Pazartesi, Ekim 11, 2004

İSTANBUL VE YAĞMUR


İstanbul’un üstünde sanki su dolu balonları sırasıyla patlatıp boşaltıyorlardı. Kısa zamanda her tarafı sular kaplamıştı. Suyun akıp gitmesini sağlayacak mazgallar her zamanki gibi tıkalı olduğu için suların kaybolması gereken yerler tam tersine neredeyse insan boyunda havuz fıskıyeleri haline dönüşmüştü.
Arabalardaki insanlar etraflarını hayretle seyrediyor, yolların nehre dönüşümünü izliyordu. Yüzlerinde şaşkınlık ve gülme birbirine karışmıştı.Çünkü çevrelerinde yüzlerce kara mizah örneği vardı..Otoyol sırtlarındaki patikalar şelaleye dönüşmüş, insanlara bir metropolün çevre yollarında değil de kuş uçmaz kervan geçmez kırlar arasındaki bir dağ yolunda aniden yağmura yakalanmış izlenimini veriyordu.
Arabaların içinden etrafı merakla izleyenler daha sonra içlerinde bulundukları durumun riskini önlerindeki arabaların giderek suyun içine batmakta olduğunu fark edince algılamaya başlıyorlardı. Yollarda giderek yükselen su bir müddet sonra etraftan taşıdığı ilginç cisimlerle dikkat çekmeye başladı. Neler yoktu ki yüzen nesnelerin içinde.

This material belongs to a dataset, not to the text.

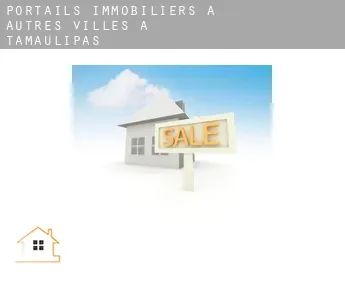 Portails immobiliers à  Autres Villes à Tamaulipas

Kaldırım taşları, beton parçaları, çöp dolu naylonlar,zavallı kedi leşleri yanlarından akıp gidiyordu. Ama koskoca bir çöp konteynerini otoyolun ortasında sürüklendiğini görenler gözlerine inanamadı. Nereden gelmiş olabileceği hakkında fikir yürütmek bile zordu.
Görevlileri arayan gözler ,onları gördükleri zaman da içlerinde bir rahatlama hissi duymak yerine daha da dehşete düşüyorlardı. Çünkü görevliler ellerinde kazmalarla, yapılması üzerinden çok ta zaman geçmemiş olan yol kenarlarındaki kaldırımları veya yol ortasındaki yeşil alanları kazarak suyu boşaltmak için boşa çaba sarf ediyorlardı.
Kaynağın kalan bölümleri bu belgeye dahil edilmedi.